Die Sache stinkt zum Himmel! Da sie an das Geld Berliner Eigenheimer in bestimmten Fällen nicht mehr herankommen, haben sich Berliner SPD-Politiker in Sachen Beitragskassierung für den Straßenbau einen neuen Coup ausgedacht. Sie wollen die Grundstückseigentümer künftig auch ohne konkre7te gesetzliche Grundlagen zur Kasse bitten – unter Berufung auf das „Gewohnheitsrecht“. Zu Papier gebracht wurde der Vorschlag im Rathaus von Treptow-Köpenick und an alle anderen Berliner Bezirksämter verschickt. Der Hintergrund der Angelegenheit sieht so aus: Das Oberverwaltungsgericht (OVG) Berlin-Brandenburg hatte kürzlich in einem vom VDGN vor Gericht gebrachten Fall entschieden, daß in Berlin keine Erschließungsbeiträge mehr für Straßen erhoben werden dürfen, die zum Zeitpunkt der Änderung des Berliner Erschließungsbeitragsgesetzes schon 15 Jahre in der Nutzung waren. Daraufhin animierte die von Ingeborg Junge-Reyer (SPD) geführte Senatsverwaltung für Stadtentwicklung die Stadtbezirke, in diesen Fällen Straßenausbaubeiträge auf der Grundlage des Straßenausbaubeitragsgesetzes einzuziehen. Dieses gesetzwidrige Vorhaben mußte nach scharfem VDGN-Protest aufgegeben werden.

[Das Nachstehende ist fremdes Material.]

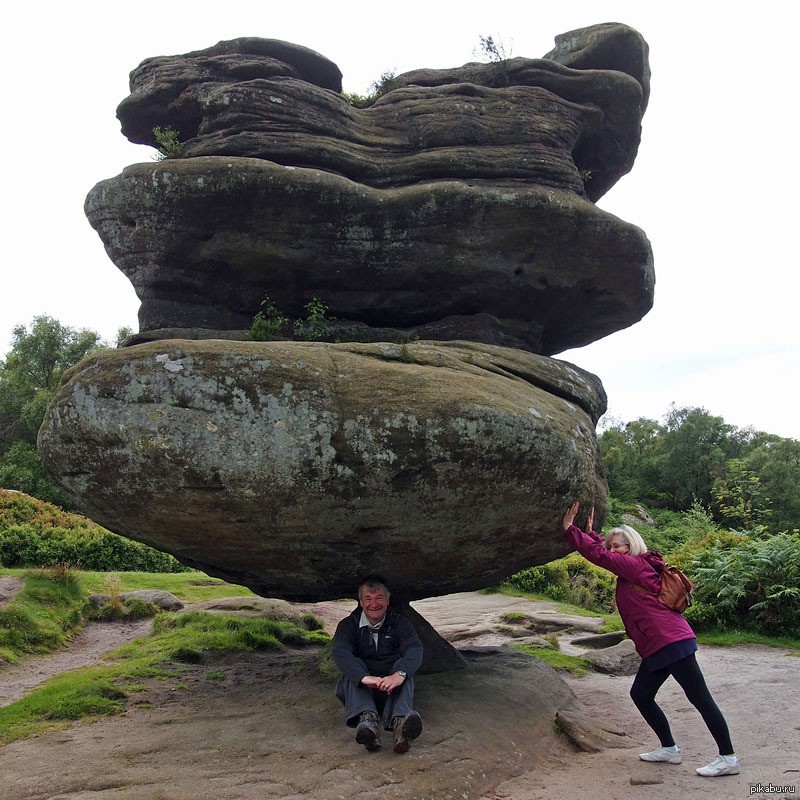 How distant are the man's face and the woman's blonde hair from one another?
2.61 m

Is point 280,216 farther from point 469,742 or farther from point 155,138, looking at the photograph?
point 469,742

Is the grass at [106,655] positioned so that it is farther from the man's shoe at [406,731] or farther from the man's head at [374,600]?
the man's shoe at [406,731]

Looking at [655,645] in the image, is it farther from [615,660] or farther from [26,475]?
[26,475]

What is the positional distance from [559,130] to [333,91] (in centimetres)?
373

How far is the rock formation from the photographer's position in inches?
294

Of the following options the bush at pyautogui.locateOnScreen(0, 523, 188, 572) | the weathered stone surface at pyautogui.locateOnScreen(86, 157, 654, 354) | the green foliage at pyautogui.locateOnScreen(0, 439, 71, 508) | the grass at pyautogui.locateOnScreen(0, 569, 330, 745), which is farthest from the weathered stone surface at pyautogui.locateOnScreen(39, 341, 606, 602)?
the green foliage at pyautogui.locateOnScreen(0, 439, 71, 508)

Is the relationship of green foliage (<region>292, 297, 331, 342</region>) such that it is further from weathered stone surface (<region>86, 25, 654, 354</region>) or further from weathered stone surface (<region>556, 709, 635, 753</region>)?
weathered stone surface (<region>556, 709, 635, 753</region>)

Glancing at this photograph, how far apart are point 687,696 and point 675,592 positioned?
0.99 meters

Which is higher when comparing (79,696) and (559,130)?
(559,130)

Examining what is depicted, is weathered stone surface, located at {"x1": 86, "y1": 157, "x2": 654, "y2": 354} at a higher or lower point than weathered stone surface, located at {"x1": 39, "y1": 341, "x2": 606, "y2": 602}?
higher

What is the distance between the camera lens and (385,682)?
720 centimetres

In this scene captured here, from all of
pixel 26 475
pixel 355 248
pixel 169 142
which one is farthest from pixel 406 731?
pixel 26 475

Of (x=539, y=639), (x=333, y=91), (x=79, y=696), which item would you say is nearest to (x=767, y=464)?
(x=539, y=639)

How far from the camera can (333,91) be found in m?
11.4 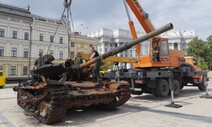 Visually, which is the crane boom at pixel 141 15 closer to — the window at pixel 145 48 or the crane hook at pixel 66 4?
the window at pixel 145 48

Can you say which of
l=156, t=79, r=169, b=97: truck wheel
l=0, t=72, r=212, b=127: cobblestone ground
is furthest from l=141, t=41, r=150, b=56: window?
l=0, t=72, r=212, b=127: cobblestone ground

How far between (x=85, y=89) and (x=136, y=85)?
15.8 feet

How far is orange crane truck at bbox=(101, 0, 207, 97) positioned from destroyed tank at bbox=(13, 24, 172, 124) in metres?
2.70

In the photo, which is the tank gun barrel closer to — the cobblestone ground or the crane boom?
the cobblestone ground

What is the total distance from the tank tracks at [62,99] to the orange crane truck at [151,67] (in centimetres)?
285

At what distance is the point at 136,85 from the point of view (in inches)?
434

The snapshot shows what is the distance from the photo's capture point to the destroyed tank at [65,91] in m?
5.54

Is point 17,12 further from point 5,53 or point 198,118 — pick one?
point 198,118

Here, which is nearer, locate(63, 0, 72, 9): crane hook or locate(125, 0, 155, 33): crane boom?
locate(63, 0, 72, 9): crane hook

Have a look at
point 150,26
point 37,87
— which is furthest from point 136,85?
point 37,87

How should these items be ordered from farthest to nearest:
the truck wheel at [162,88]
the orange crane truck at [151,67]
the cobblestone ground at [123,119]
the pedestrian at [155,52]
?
the pedestrian at [155,52] < the truck wheel at [162,88] < the orange crane truck at [151,67] < the cobblestone ground at [123,119]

Aber zufrieden geben sich die Verantwortlichen im SPD-Lager damit offensichtlich noch immer nicht. Der neue Vorschlag, den der Bezirksstadtrat für Bauen und Stadtentwicklung von Treptow-Köpenick, Rainer Hölmer (SPD), seinen Amtskollegen in den anderen Stadtbezirken übermittelte, sieht folgendes vor: In den Fällen, wo weder Erschließungs- noch Straßenausbaubeiträge erhoben werden können, solle der „gewohnheitsrechtliche Rechtssatz“ in Anwendung gebracht werden, „daß beim Ausbau einer öffentlichen Straße in jedem Fall ein Beitrag durch die Kommune erhoben werden darf“. Weiter heißt es in dem Schreiben vom 22. Juli 2008: „Zur Ausfüllung der in Berlin bestehenden Rechtslücke könnten zur Bestimmung der Höhe des Beitrags die betreffenden Regelungen des StrABG (Straßenausbaubeitragsgesetz, d. Red.) herangezogen werden.“

Wer immer den Bezirksstadtrat Hölmer zu diesem Vorstoß „angespitzt“ haben mag, er offenbart ein hohes Maß an Rücksichtslosigkeit in dem Bestreben, Berlins Eigenheimer auf immer neue Weise zu schröpfen.

Die Konsequenzen dieses Vorschlages, so er realisiert wird, sind verheerend. Auf die Berliner Eigenheimer würde eine Welle von Beitragsbescheiden für Straßenbaumaßnahmen aus der Vergangenheit hereinbrechen, die bisher nicht abgerechnet worden sind und nach dem Wortlaut der vom Abgeordnetenhaus beschlossenen Gesetze auch nicht mehr abgerechnet werden können.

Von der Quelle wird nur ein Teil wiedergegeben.